Oude Testament

Nieuwe Testament

Jesaja 3:8-19 Het Boek (HTB)

8. Israëls regering is machteloos en Juda kan niets doen, omdat zij in woord en daad tegen de Here zijn opgestaan en Hem niet willen vereren, zij beledigen openlijk zijn glorie.

9. De uitdrukking op hun gezichten getuigt tegen hen en laat zien dat zij schuldig zijn. Zij spreken onbekommerd over hun zonden, net als men in Sodom deed, zij schamen zich er zelfs niet voor. Het loopt slecht met hen af, maar het is hun eigen schuld.

10. Maar met de rechtvaardige en godvrezende man gaat het goed, een grote beloning staat hem te wachten.

11. Maar met de goddeloze loopt het slecht af, ook hij krijgt zijn verdiende loon.

12. Ach mijn volk!

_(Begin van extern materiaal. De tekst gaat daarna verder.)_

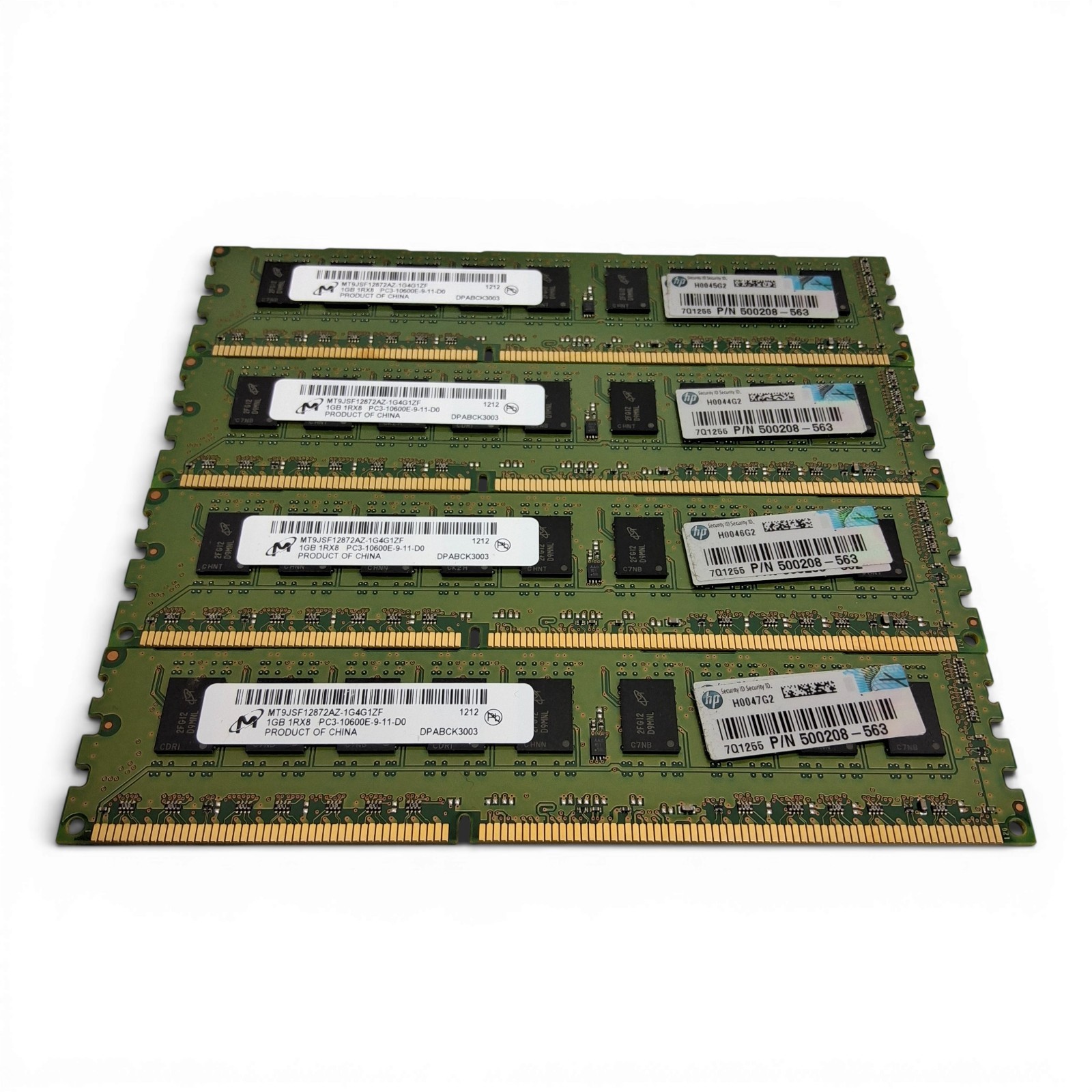 Lot of 4 - 500208-563 HP 1GB PC3-10600E DDR3-1333MHz ECC Unbuffered CL9 DIMM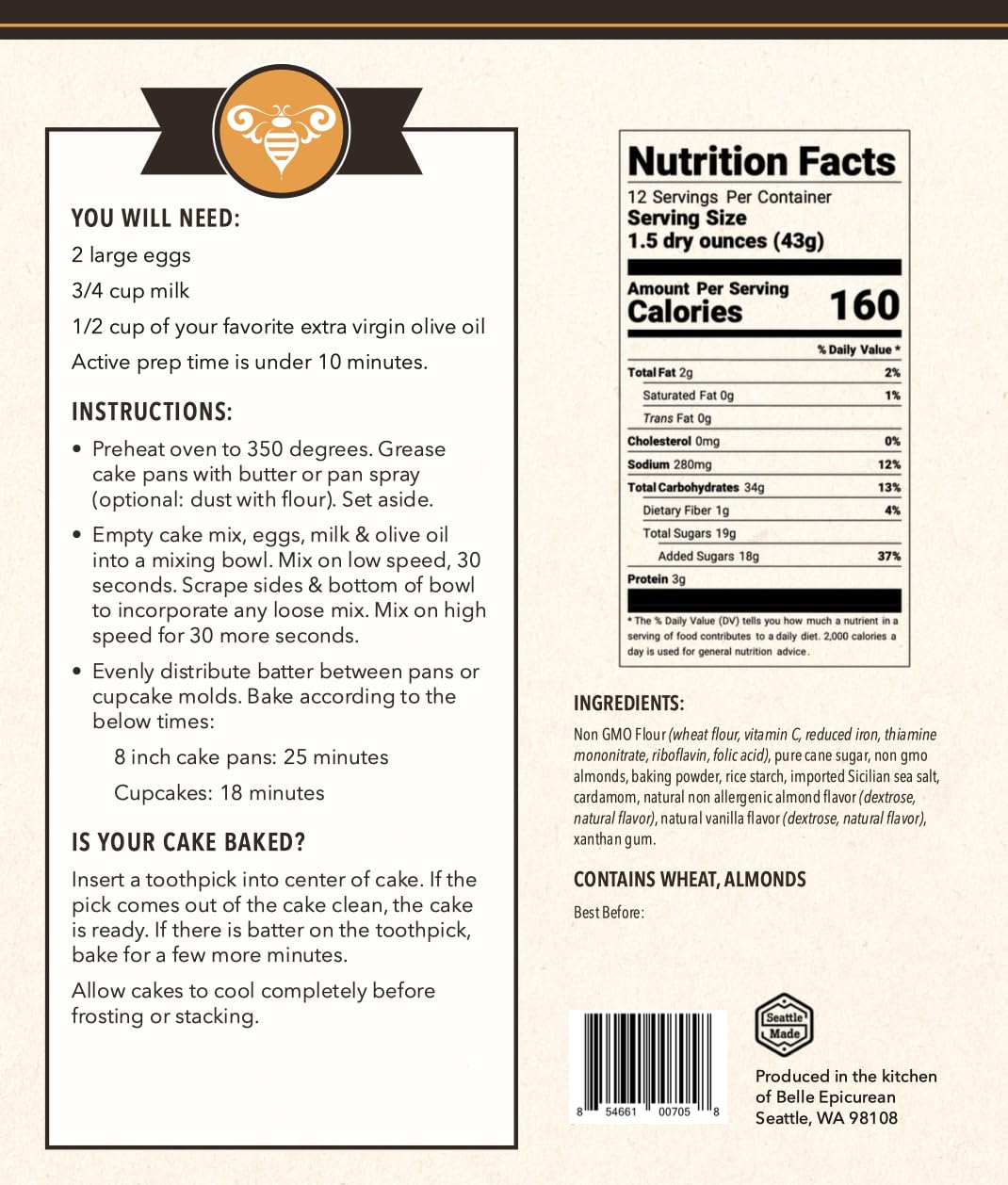 Belle Epicurean Cardamom Olive Oil Cake Mix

Uw verdrukkers zijn nog maar kinderen en vrouwen overheersen u. Uw leiders zijn misleiders geworden! Zij maken de rechte weg die vóór u lag tot een doolhof.

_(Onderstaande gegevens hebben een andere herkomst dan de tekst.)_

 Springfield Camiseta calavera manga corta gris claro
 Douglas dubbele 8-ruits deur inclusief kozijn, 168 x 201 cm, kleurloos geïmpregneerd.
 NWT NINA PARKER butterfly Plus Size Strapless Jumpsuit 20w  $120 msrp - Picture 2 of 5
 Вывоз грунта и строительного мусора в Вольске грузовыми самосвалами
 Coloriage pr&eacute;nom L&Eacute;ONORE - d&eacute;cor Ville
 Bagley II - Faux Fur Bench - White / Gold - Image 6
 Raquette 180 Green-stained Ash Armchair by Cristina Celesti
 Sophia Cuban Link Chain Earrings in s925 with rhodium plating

13. Maar de Here maakt Zich klaar voor zijn rechtszaak waarin Hij de volken als beklaagden oproept!

14. De eersten die de Here zal aanklagen, zijn de oudsten en de edelen, want zij hebben de armen beroofd. Zij hebben hun huizen met hun buit gevuld.

15. ‘Wat bezielt u dat u mijn volk vertrapt en weerlozen mishandelt?’ zal de Here van de hemelse legers hun vragen.

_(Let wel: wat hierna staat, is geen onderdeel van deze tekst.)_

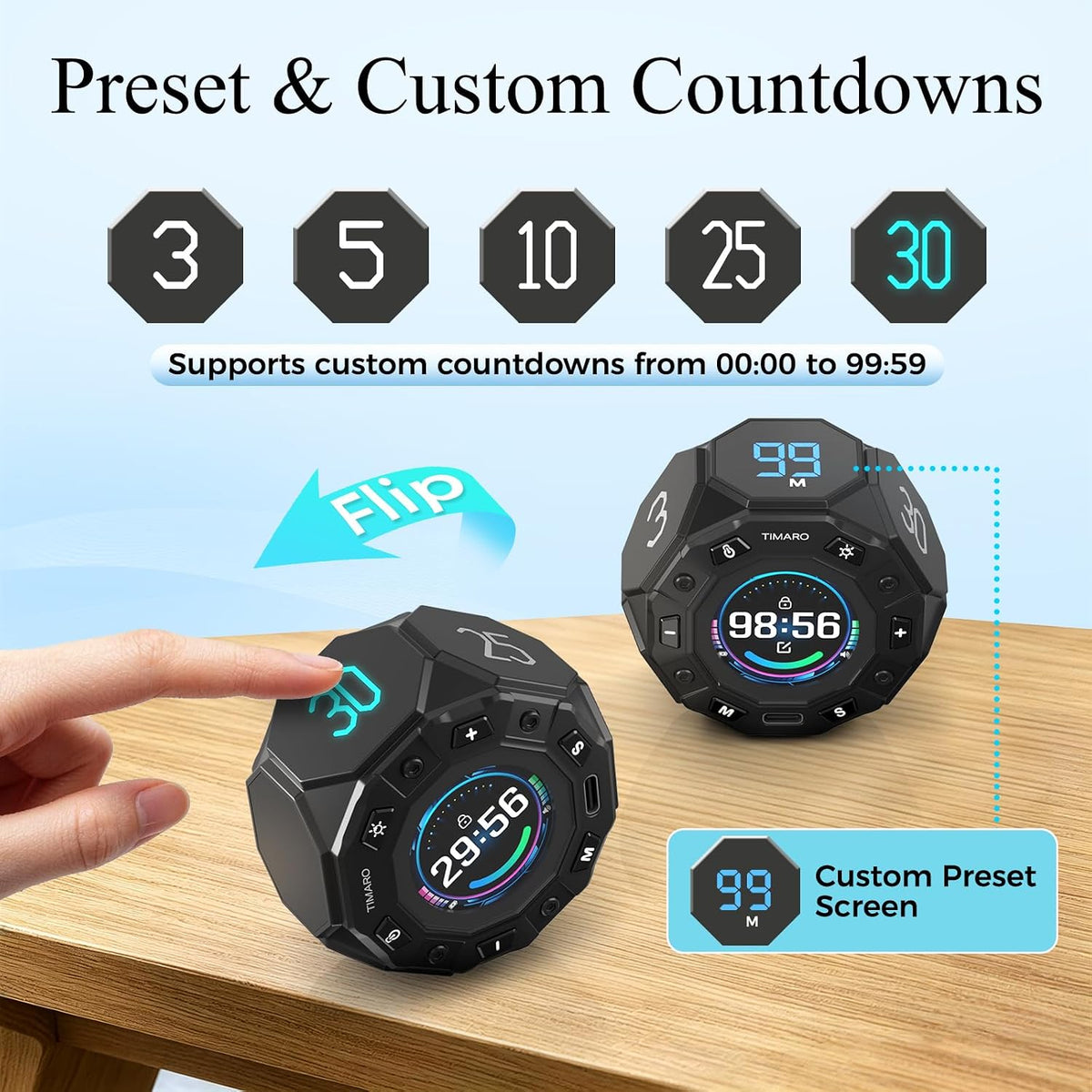 TIMARO Pomodoro Timer with 3/5/10/25/30 Min Presets for Productivity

16. Daarna zal Hij de verwaande vrouwen van Jeruzalem berechten. Zij schrijden door de straten met hun neus in de lucht en met rinkelende ringen om hun enkels. Begerig lonken zij naar de mannen.

17. De Here zal een plaag sturen die hun schedels schurftig maakt en hen openlijk vernederen.

18. Zij zullen onder het lopen niet langer zelfverzekerd rinkelen. Want de Here zal hun mooie sieraden wegnemen,

19. hun halskettingen en armbanden en hun prachtige sluiers.